President Trump, his staff, and his apologists need to internalize the points they have been making in Trump’s own defense: Public officials can misuse their power in unsavory ways without necessarily violating the law. Trump used his executive power over law-enforcement in a heavy-handed way to try to end the Flynn investigation because he believed Flynn had suffered enough. Comey exploited his high-ranking position and the information to which it gave him access to publicize some of that information in an effort to influence the course of an investigation — i.e., to force the appointment of a special counsel. Both were wrong, but both were seeking a just result as they perceived it. Their actions were not commendable, but neither were they illegal.
Meanwhile, if you were offended by President Obama’s effort to exonerate Hillary Clinton even as she was under investigation — however perfunctorily — by the FBI and Justice Department, you should be equally offended by President Trump’s effort to incriminate James Comey even as his actions are scrutinized in an ongoing investigation.
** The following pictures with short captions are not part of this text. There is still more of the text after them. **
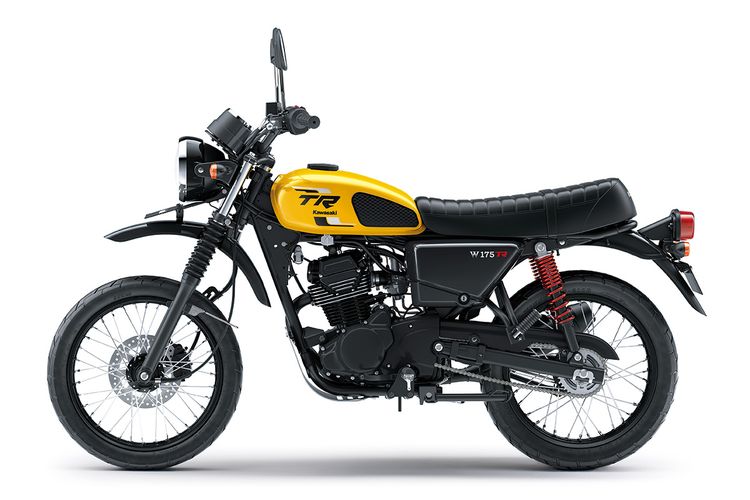 Kawasaki W175TR model year 2024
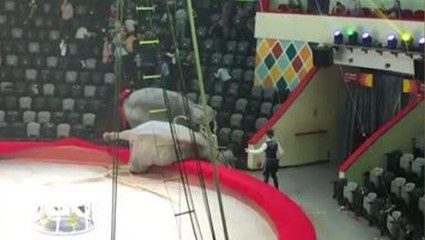 Birbirine giren filler sirkte panik yarattı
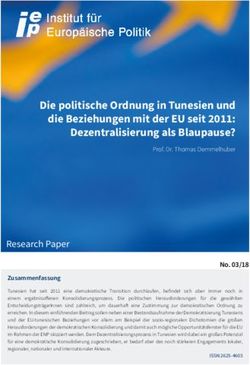 Die politische Ordnung in Tunesien und die Beziehungen mit der EU seit 2011: Dezentralisierung als Blaupause?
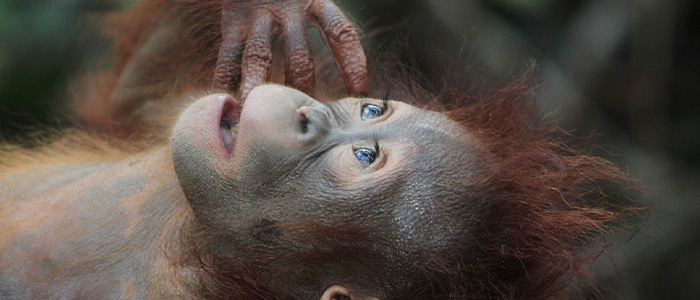 人中短縮の長いお猿さん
As we’ve pointed out here several times, law enforcement is not an independent branch of government. In our system, it answers to the executive. Presidents must provide enforcement policy guidance. Yet, when they stray into involvement in individual cases, they run a high risk of corrupting the process. The fact that they are constitutionally empowered to do that does not make it a benign practice.
When presidents publicly opine on an individual person’s guilt or innocence, it tells the president’s subordinates how the boss wants the case to go. This can result in an innocent person’s being railroaded, but that is hardly the only danger. As we’ve previously explained, if a suspect actually is guilty, a president’s comments are a boon for him. If the president has said the suspect should be let off the hook, the Justice Department may hamstring the investigators. If the president has signaled that the suspect should be prosecuted, the suspect will claim that he was charged because of politics, not evidence. He will portray the proceedings against him as tainted from the start, the jury pool as infected with bias, and investigators unleashed to pull any dirty trick necessary to frame him. Irresponsible presidential commentary makes it much more difficult to prosecute the guilty.
How hard is it to say, “The White House does not comment on matters that could be under Justice Department investigation,” or “The president has appointed a new FBI director, has nothing further to say about the former FBI director, and feels no need to respond to Steve Bannon interviews”?